Problem to solve:
Once you reach the line with "Chỉ sau vài", copy it and every line after it exactly, up to the end of the data. Omit the pictures.

Data shown:
* * * * * * * * *

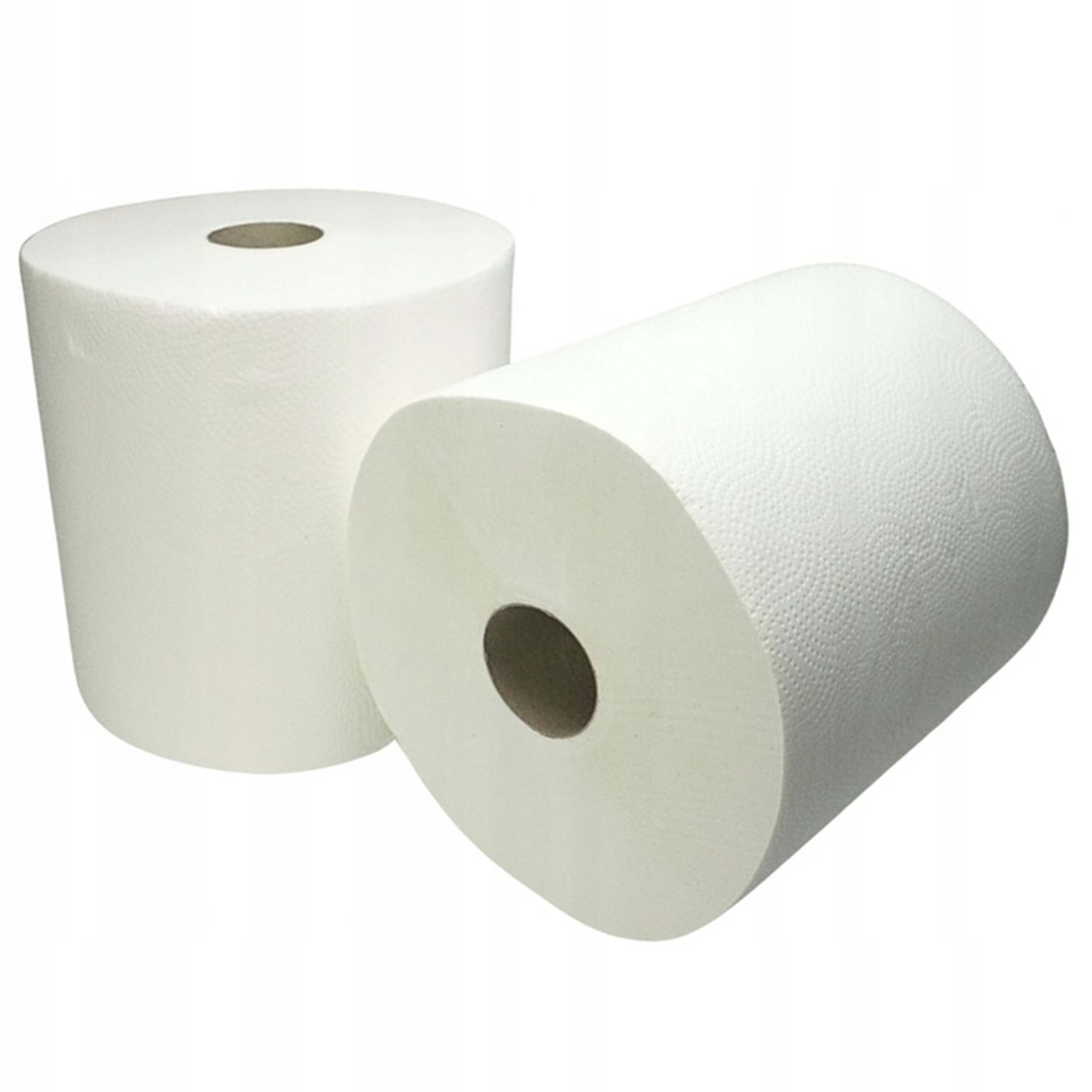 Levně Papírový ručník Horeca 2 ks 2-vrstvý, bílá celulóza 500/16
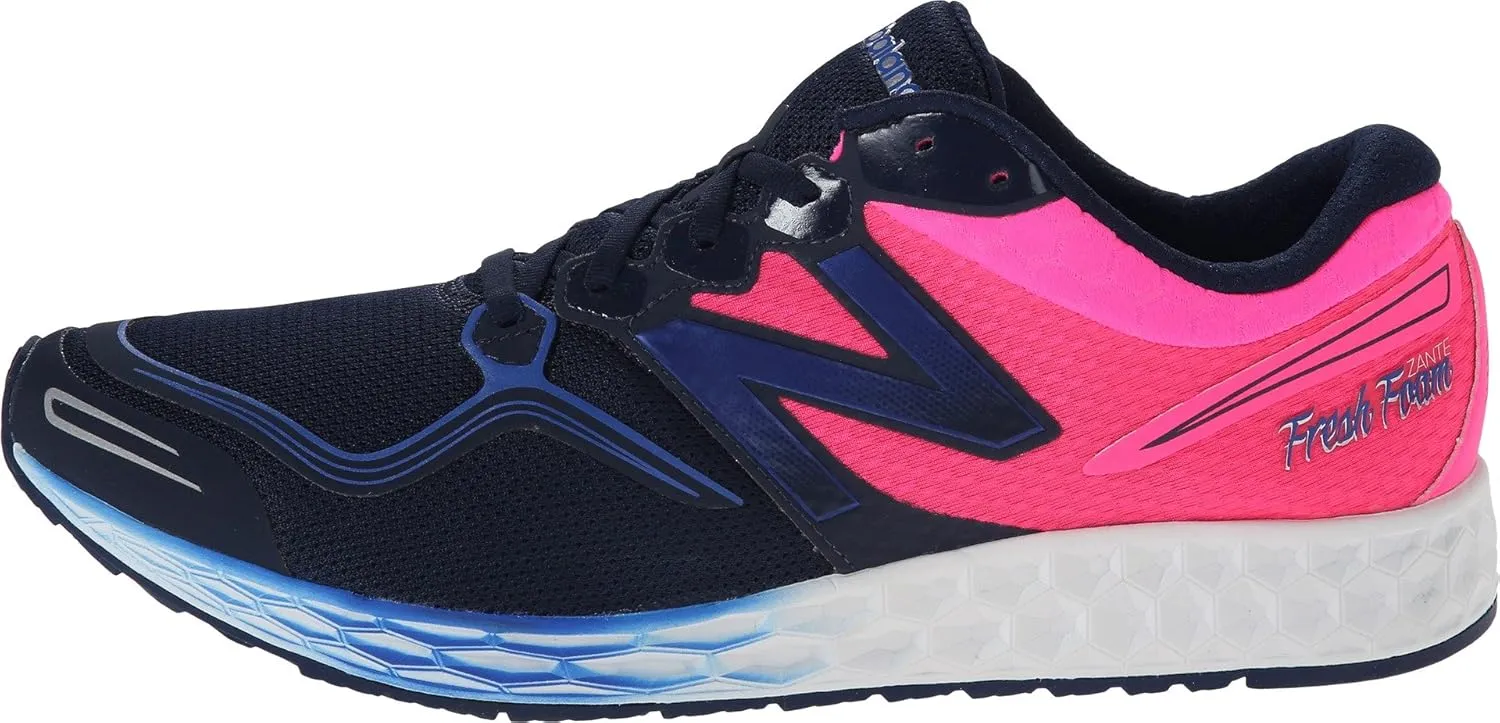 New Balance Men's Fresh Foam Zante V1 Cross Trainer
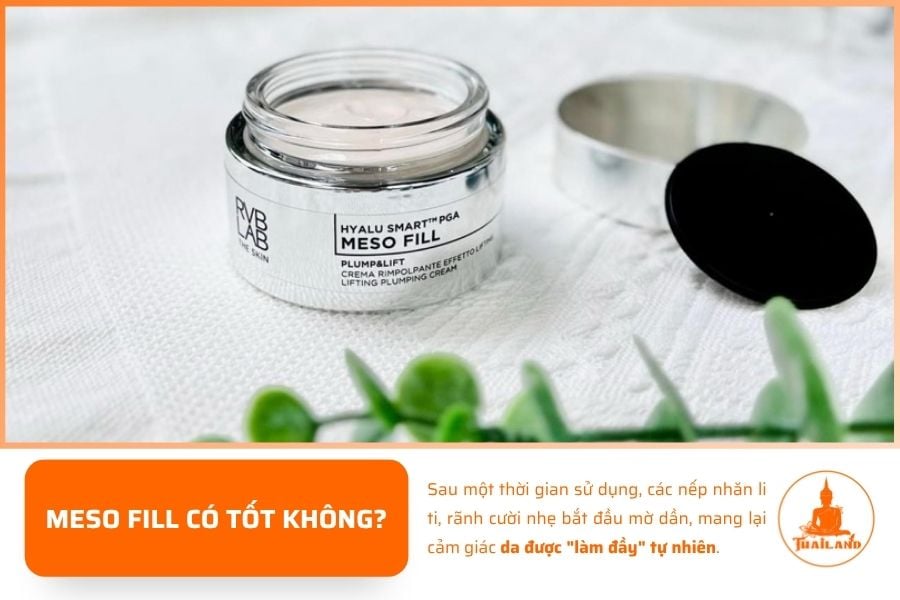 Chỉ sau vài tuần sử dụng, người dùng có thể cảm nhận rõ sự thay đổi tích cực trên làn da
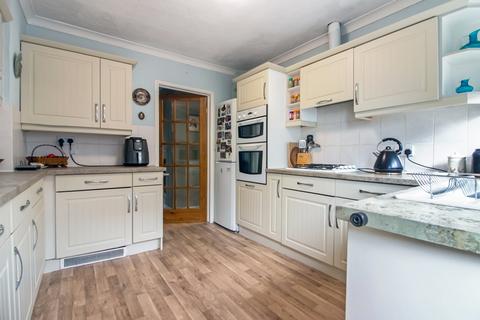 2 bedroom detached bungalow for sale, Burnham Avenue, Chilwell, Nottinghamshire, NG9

* * * * * * * * *

Exercise answer:
 Chỉ sau vài tuần sử dụng, người dùng có thể cảm nhận rõ sự thay đổi tích cực trên làn da
 2 bedroom detached bungalow for sale, Burnham Avenue, Chilwell, Nottinghamshire, NG9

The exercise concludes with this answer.